Car l’équilibre tient à l’incertitude de l’existence de Dieu. L’absence de preuve de l’existence de Dieu oblige à res­pec­ter les incroyants ; mais l’absence de preuve de l’inexistence de Dieu à res­pec­ter les croyants. Que les croyants voient leurs convic­tions cer­ti­fiées : quelle porte ouverte au fana­tisme ! quelle rage chez les incroyants !… Et com­ment allaient réagir les musul­mans ?… Il était urgent d’avertir le minis­tère de l’Intérieur” (p. 83–83). Las ! À la suite d’un Conseil res­treint, le Pre­mier ministre suc­combe au charme de la “ preuve ” et renonce à l’exercice du pou­voir pour se consa­crer à la culture des roses dans sa rési­dence secondaire.

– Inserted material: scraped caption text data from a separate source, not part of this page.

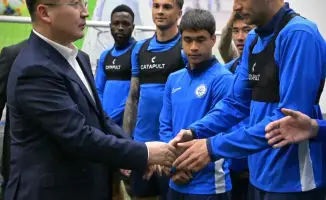 Глава Павлодарской области Асаин Байханов поздравил ФК «Иртыш» с началом сезона в Премьер-лиге Казахстана и обозначил стратегические цели клуба.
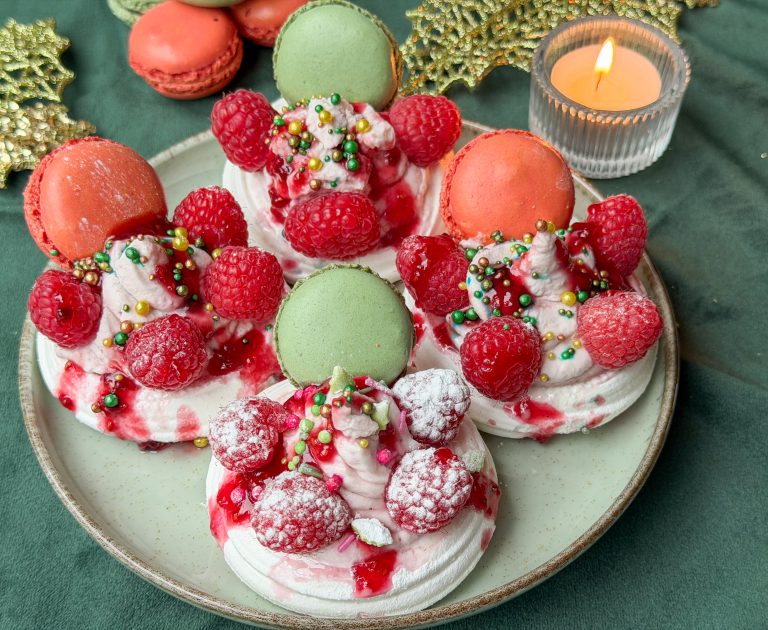 Pavlova met mascarpone, frambozen en macaron feestelijk kersttoetje op rond bord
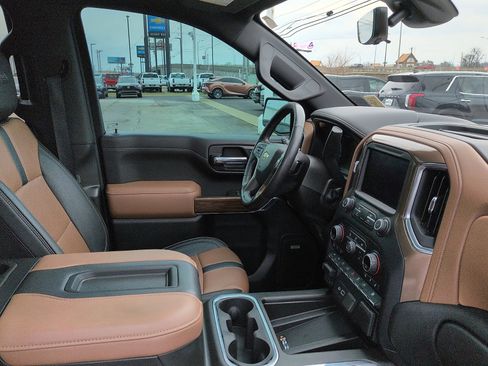 Used 2021 Chevrolet Silverado 1500 High Country w/ Technology Package image 7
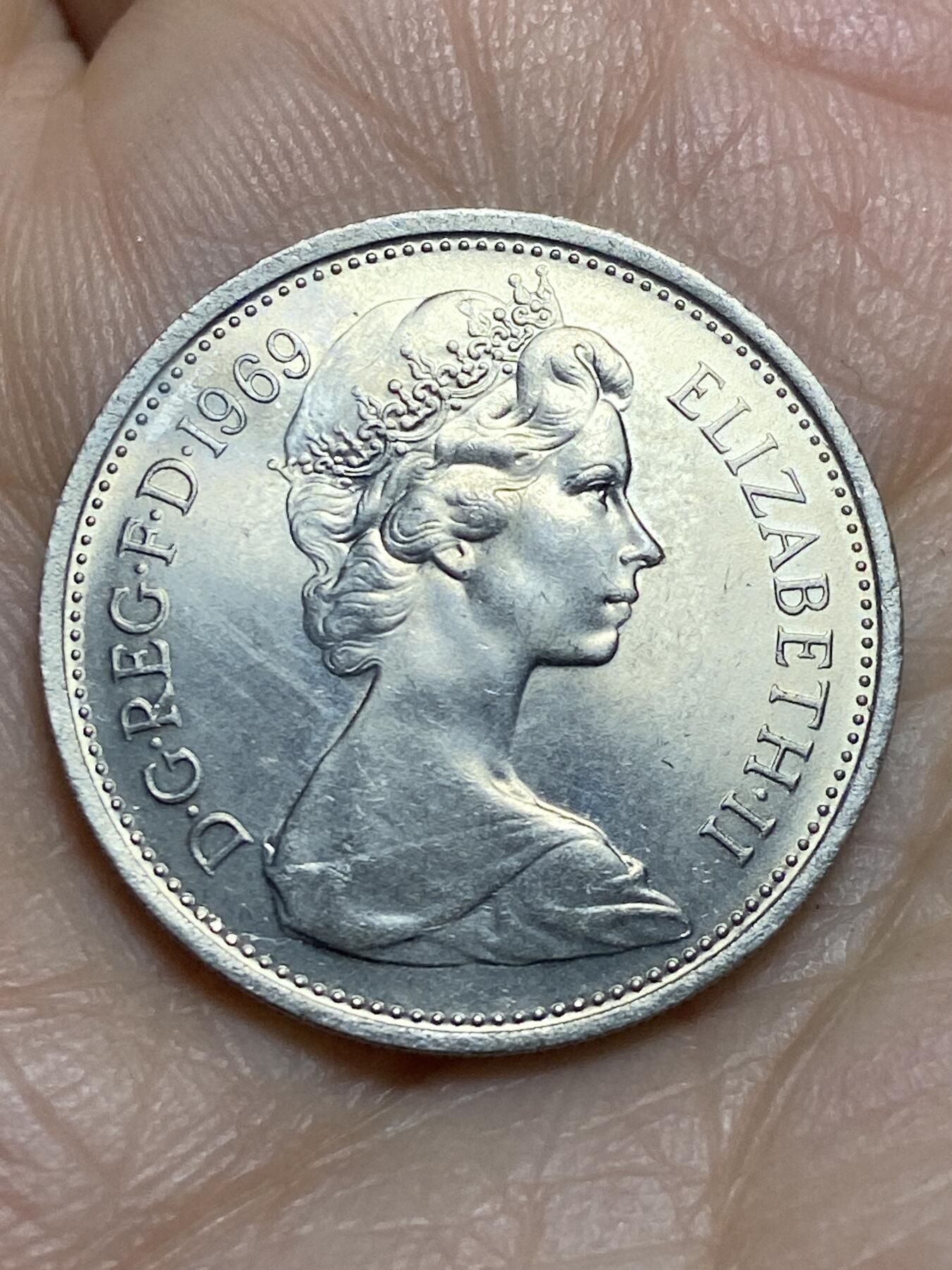 2026年第十四场(总第一百八十三场）外国好品散币场(免佣金) 英国🇬🇧1969年5新便士(伊丽莎白二世中年花冠，十进制第一版)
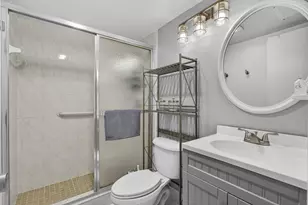 155 Windsor G, West Palm Beach, FL 33417 - Photo 13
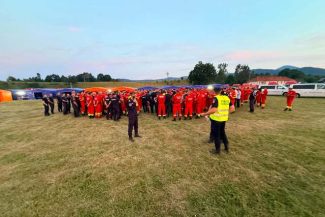 Departamentul pentru Situaţii de Urgenţă acordă ajutor sutelor de victime exploatate sub paravanul unei asociaţii umanitare, din Bihor/ Linie TelVerde pusă la dispoziţia rudelor pentru informaţii privind locaţia şi starea bolnavilor – FOTO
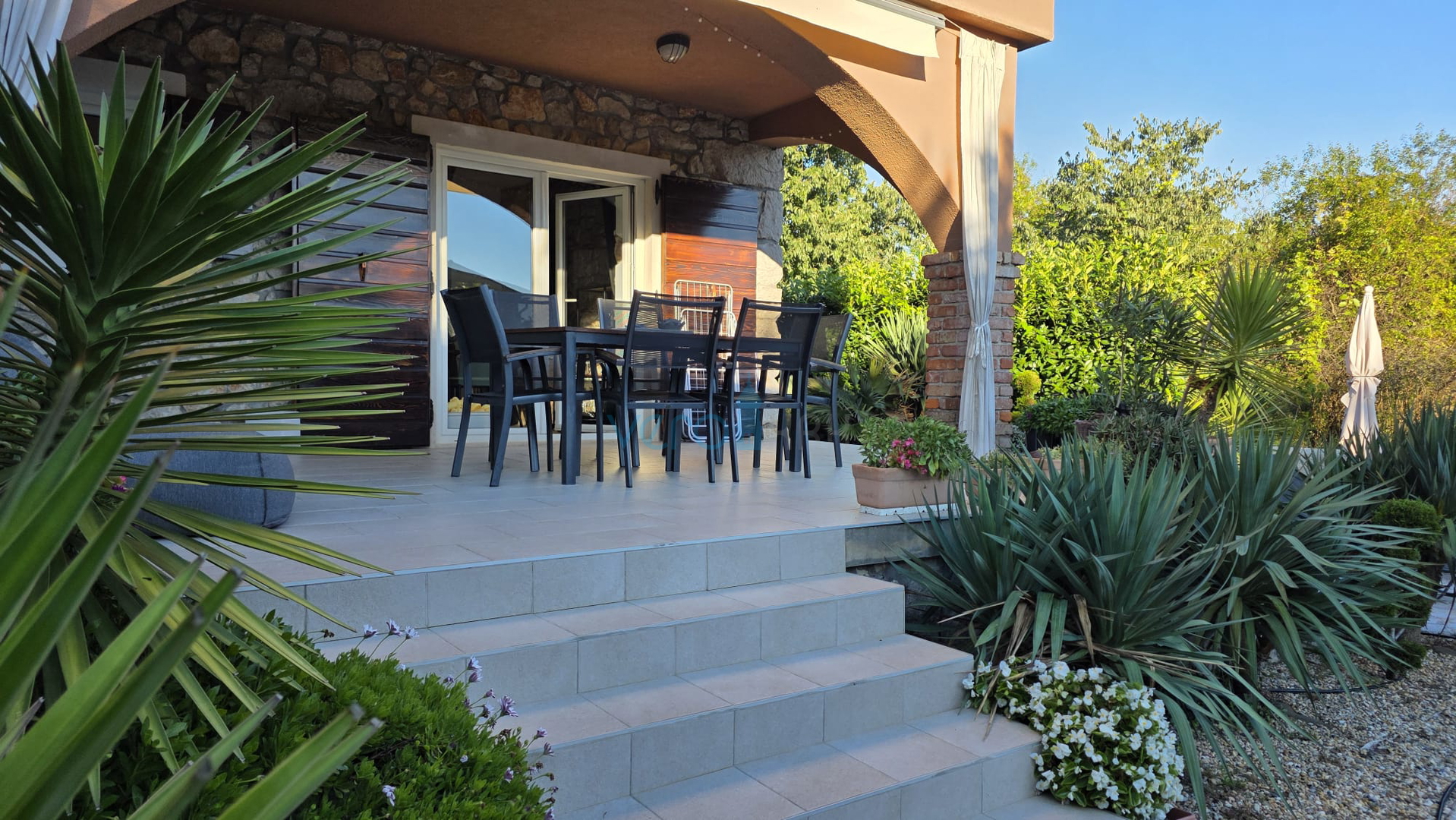 Otok Krk, Dobrinj, okolica, Renovirana kamena kuća sa bazenom, prodaja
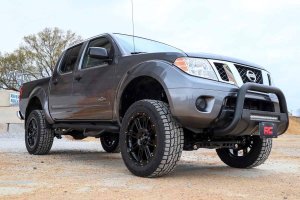 Nissan Frontier LED Bull Bar - Front - Rough Country - Single-Row 20-inch Black-Series LED - Black - '05-'21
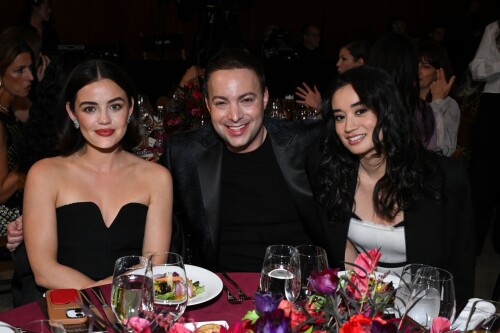 f53fa38e52e061e7a94fe4f417fb2fb7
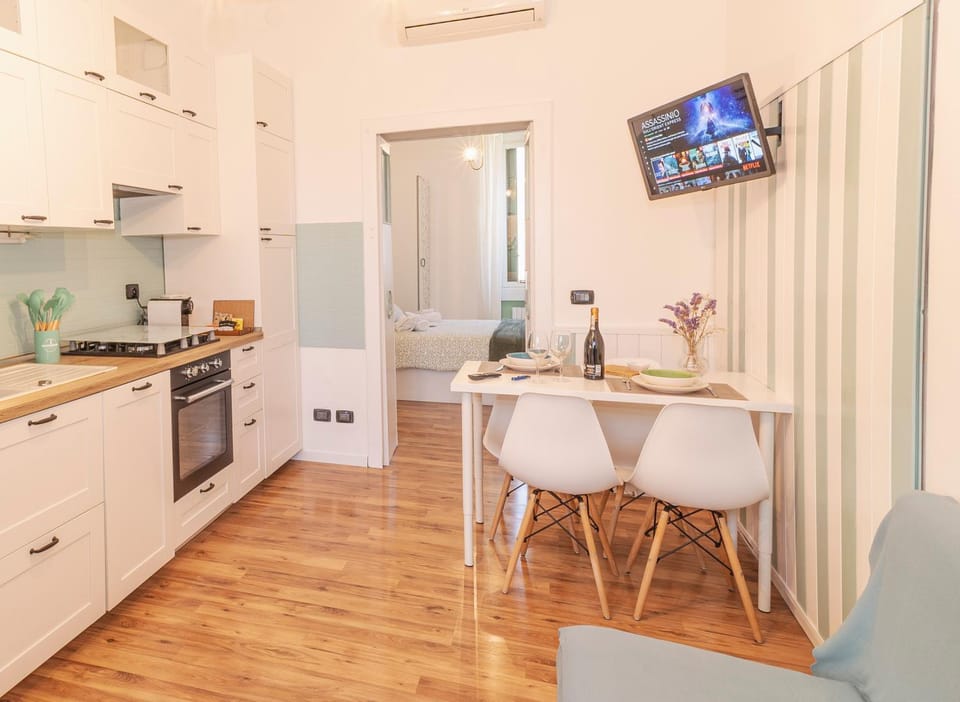 TV and multimedia, Kitchen or kitchenette, Dining area, dishwasher, minibar, oven, pet friendly, stove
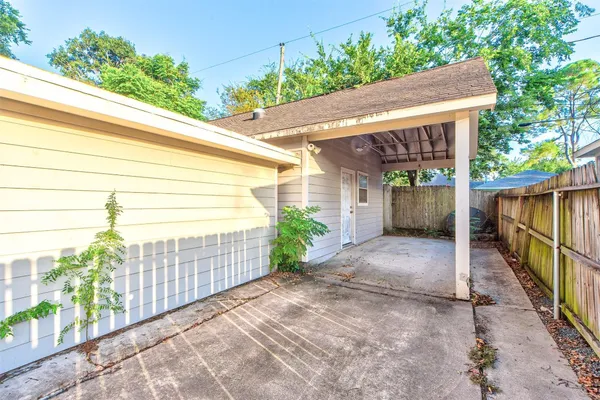 $2,400 | 3023 Conway Street, Houston, TX 77025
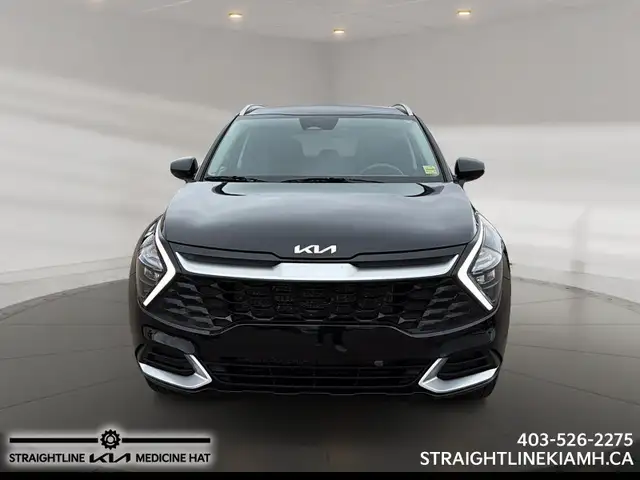 2025 Kia Sportage LX low kilometers, certified preowned, one own - Photo 2
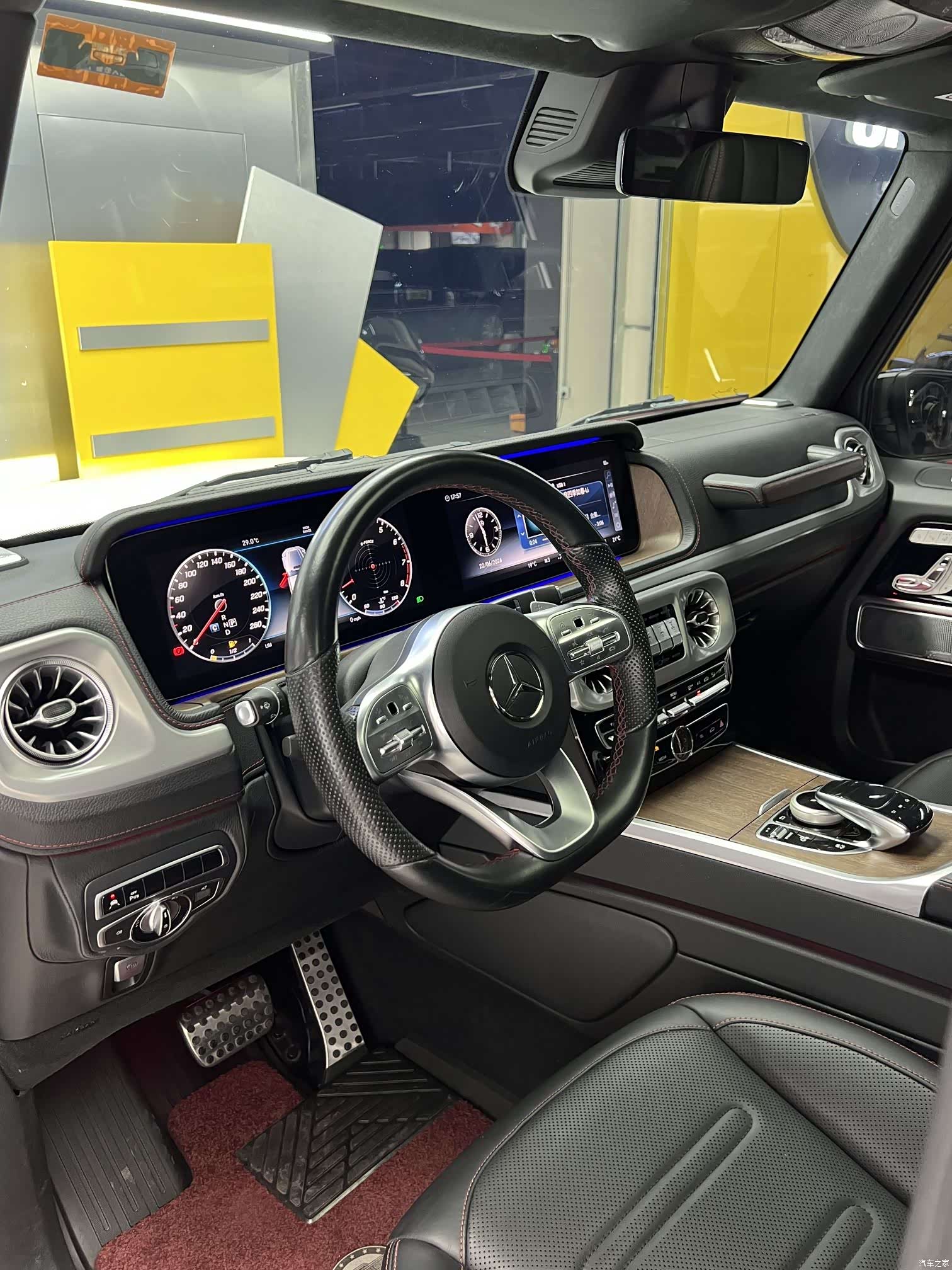 Mercedes-Benz G-Class, 2020 7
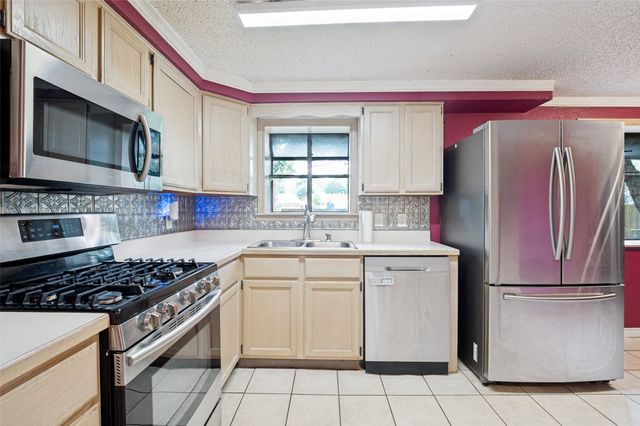 1911 Devonshire Drive, Arlington, TX 76015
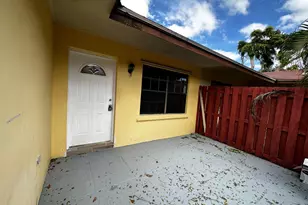 4326 Woodstock Dr, West Palm Beach, FL 33409 - Photo 11
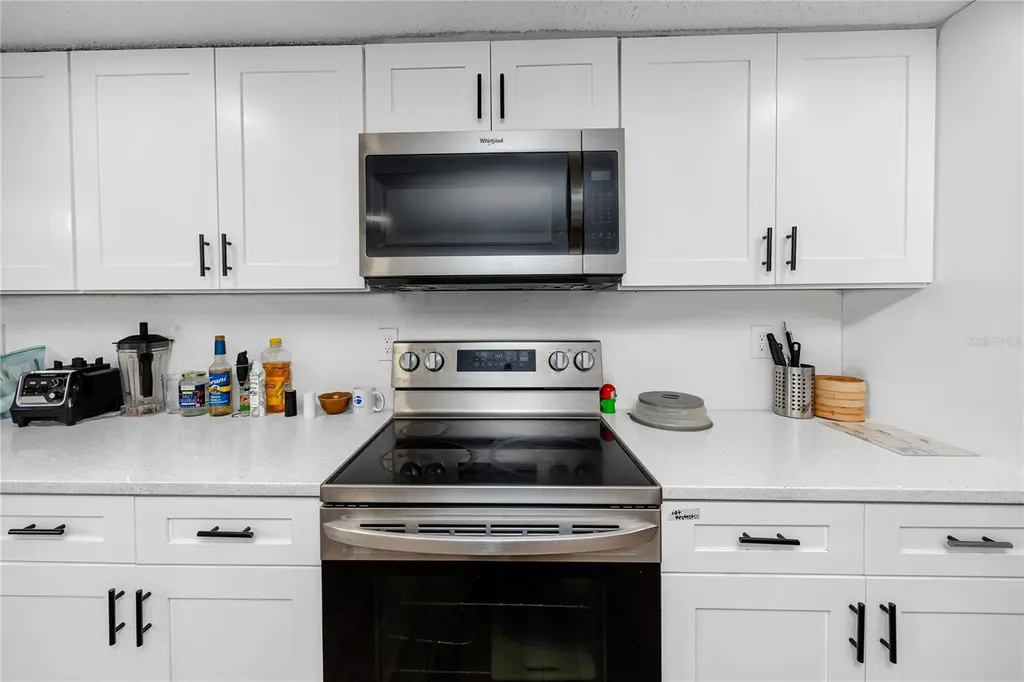3527 1st Avenue S St Petersburg FL 33711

Au sein de la tour­mente deux hommes res­tent “ rai­son­nables ”, gardent la tête froide et pèsent les consé­quences sociales et poli­tiques de la “ preuve ”. Il s’agit de deux hommes de pou­voir : du côté de l’Église le pro­vin­cial des Casuistes, du côté de l’État le ministre de l’Intérieur (dont la per­son­na­li­té rap­pelle celle d’un récent ministre corse de la rue des Saus­saies). Ce der­nier essaie de contrô­ler la mon­tée de l’affaire à Rome. Mais seul un deus ex machi­na (eccle­sias­ti­ca) enter­re­ra l’affaire défi­ni­ti­ve­ment. Ouf ! la fin des temps n’est pas pour 1999 ! À peine sou­le­vé, le coin du voile mys­tique retombe lourdement.

Le récit est mené de façon allègre, les per­son­nages sont cam­pés en quelques mots, les dia­logues sont vifs. Le lec­teur se prend à rire, mais reprend bien vite la lec­ture car il est intri­gué par la suite des évé­ne­ments. Ce qui ajoute du piquant au récit est le fait de prê­ter à quelques per­son­nages du roman les traits de célé­bri­tés ecclé­sias­tiques ou poli­tiques contemporaines.

Lau­rence Cos­sé nous fait vivre une “ folle semaine ” à la Beau­mar­chais – y com­pris le ton sati­rique. Le coin du voile est un opé­ra-bouffe sans la musique (l’auteur fait réfé­rence à Mozart à la page 209), c’est-à-dire un drame empreint de comédie.

C’est assez dire que l’œuvre s’inscrit dans une tra­di­tion lit­té­raire. Le coin du voile semble être un écho au Nom de la rose d’Umberto Eco. Et le pro­vin­cial des Casuistes est la ver­sion moderne du Grand Inqui­si­teur de Dos­toïevs­ki : “ Nous avons eu assez de mal à mettre un peu d’ordre sur terre, depuis vingt siècles ” (p. 207).

Cette œuvre n’est-elle qu’une pochade, un pur diver­tis­se­ment ? Pour­ront le pen­ser ceux qui ne s’y recon­naissent pas. Certes des reli­gieux ne se retrou­ve­ront pas dans la “ foi ” chré­tienne attri­buée aux Casuistes et juge­ront que la voca­tion du Père Her­vé était du toc dès le départ (p. 39). De leur côté de hauts fonc­tion­naires crie­ront à la tra­hi­son, tant la charge est pous­sée. Mais peut-on oublier les cri­tiques de Pas­cal et le fusain de Dau­mier ? Ni l’un ni l’autre n’y allaient de main morte.

Sous le jeu brillant des mono­logues et des dia­logues Lau­rence Cos­sé aborde des sujets fort graves. Le conte­nu de la foi chré­tienne tout d’abord : ce qui en est dit aux pages 59 et 248 sonne juste, même si l’auteur sait – très pro­ba­ble­ment – que la Révé­la­tion que Dieu a faite à l’homme ne peut qu’être accueillie et en tout cas jamais démon­trée. Il faut noter éga­le­ment quelques réflexions et inter­ro­ga­tions per­ti­nentes sur le rap­port de la foi à la liberté.

Enfin de nom­breux pas­sages font la cri­tique du pou­voir poli­tique et du pou­voir ecclé­sias­tique (c’est-à- dire du pou­voir de l’Église et du pou­voir dans l’Église).

Au-delà du plai­sir qu’éprouve le lec­teur, il devrait se sen­tir invi­té à réexa­mi­ner quelques pro­blèmes de fond de la condi­tion humaine.